• **Work required**: The word "leaf" marks the lines to find; copy every such line from the data below.

··· Data section

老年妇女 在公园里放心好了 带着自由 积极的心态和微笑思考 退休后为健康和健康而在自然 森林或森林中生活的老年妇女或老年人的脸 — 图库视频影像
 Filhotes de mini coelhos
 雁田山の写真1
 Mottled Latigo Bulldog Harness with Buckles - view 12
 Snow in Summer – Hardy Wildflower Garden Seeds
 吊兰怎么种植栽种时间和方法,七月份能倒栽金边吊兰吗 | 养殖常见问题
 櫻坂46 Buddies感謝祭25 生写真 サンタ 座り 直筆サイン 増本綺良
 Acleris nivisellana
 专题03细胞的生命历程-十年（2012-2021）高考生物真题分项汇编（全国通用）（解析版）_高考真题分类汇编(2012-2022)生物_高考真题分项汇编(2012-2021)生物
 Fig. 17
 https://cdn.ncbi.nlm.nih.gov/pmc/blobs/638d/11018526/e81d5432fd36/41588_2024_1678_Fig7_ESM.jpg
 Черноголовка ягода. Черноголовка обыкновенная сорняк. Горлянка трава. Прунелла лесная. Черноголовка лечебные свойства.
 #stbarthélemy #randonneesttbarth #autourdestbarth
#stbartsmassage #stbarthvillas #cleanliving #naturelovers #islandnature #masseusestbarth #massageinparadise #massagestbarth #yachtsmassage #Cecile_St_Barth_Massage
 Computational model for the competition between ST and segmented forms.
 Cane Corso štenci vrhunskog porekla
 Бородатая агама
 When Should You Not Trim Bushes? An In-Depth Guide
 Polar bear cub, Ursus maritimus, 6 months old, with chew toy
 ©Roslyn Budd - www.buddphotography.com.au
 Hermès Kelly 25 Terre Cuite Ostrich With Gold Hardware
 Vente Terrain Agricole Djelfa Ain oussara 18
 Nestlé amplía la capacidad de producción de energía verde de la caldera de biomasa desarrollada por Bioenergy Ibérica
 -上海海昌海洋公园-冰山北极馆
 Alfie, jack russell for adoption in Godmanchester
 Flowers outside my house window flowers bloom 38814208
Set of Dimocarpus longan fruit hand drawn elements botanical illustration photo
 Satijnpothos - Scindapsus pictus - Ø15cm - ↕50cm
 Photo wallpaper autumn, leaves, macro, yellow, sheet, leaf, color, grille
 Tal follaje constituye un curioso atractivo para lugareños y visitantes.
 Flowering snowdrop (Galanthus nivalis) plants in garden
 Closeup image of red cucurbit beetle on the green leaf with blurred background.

······

• **Expected answer**:
 Photo wallpaper autumn, leaves, macro, yellow, sheet, leaf, color, grille
 Closeup image of red cucurbit beetle on the green leaf with blurred background.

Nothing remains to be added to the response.